Тут на небе только и разговоров, что о «свободе», потому что Тохе все мучительно хочется курить, а Марусе, например, целоваться, и выходит это что-то вроде тюрьмы, но местные обитатели упорно зовут ее раем, а себя – ангелами, хотя Бога пока не встречали и совсем не уверены, что он где-то есть. Но «райского» и «ангельского» – разве что прорези для крыльев на тулупах, да безвременье, а значит бессмертие; «прекрасное далеко» для героев уже сбылось: вот оно, пожалуйста, только что-то никто особенно не рад. И так в этом «раю» невмоготу, что, рассказывает старожил Саныч, собрались как-то несколько ангелов и полетели на вожделенную Землю, куда не добраться – так, может, и летают себе в космосе до сих пор…
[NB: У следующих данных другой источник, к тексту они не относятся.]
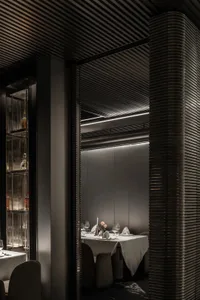 Modern restaurant dining room with metallic elements and white tablecloth.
Ты сидишь, смотришь на мающихся «ангелов», слушаешь, как читают они вслух свои письма, которые (тридцатый или какой там по счету) почтальон обещает доставить на Землю; мысли текут себе в несколько этажей. И откуда-то из подвала все прорастают сорняки вроде «спина болит», «вечером суп надо сварить – ненавижу морковку тереть» или еще что-нибудь вроде «это домой только в пол одиннадцатого, в два лечь, в семь подъем – Господи, спать-то когда?» и прочее в таком духе. А потом, когда несчастный «ангел» Вася на сцене мысленным взором обращается к оставленной Земле… Там его любимая уже вышла замуж за хорошего, наверное, парня, родила ребенка, и стал он внуком для его, Васиной, матери, а о нем, Васе – давно позабыли… Ты начинаешь вспоминать о том, что спина твоя скоро ляжет отдыхать на плохо сколоченные доски, и спать можно будет не просыпаясь; и не будет ни супов, ни терок, ни морковки – вот как у этих, на сцене, ничего не будет, кроме воспоминаний. И в этот момент над всеми твоими мысленными этажами, над сценой в перьях, над актерами в драных тулупах, над Ксенией Митрофановой и Данилой Приваловым образуется огромный, до небес купол, потому что тут – храм, в котором творится высокое искусство. И трещит твоя собственная рубаха по лопаткам, и вырастают крылья: душа твоя поднимается под самый купол и обозревает сверху свое земное, близкое и далекое. И возвращающийся из глубин твоего подсознания, а может, из своего загробного мира, бородатый Аристотель напоминает, что в театре главное – катарсис.
Что же касается действия в таком бесперспективном, казалось бы, месте, то Аристотеля можно успокоить – все как положено: и завязка, и кульминация на месте, и развязка, в которой выясняется, что выбраться из этого «рая» все-таки можно. А чтобы узнать как – стоит сходить на спектакль. И вместе с Васей, которого только обучают ангельскому искусству полета, почувствовать отрастающие крылья. «Саныч сказал: «Серега, научи летать», – Серега научит!».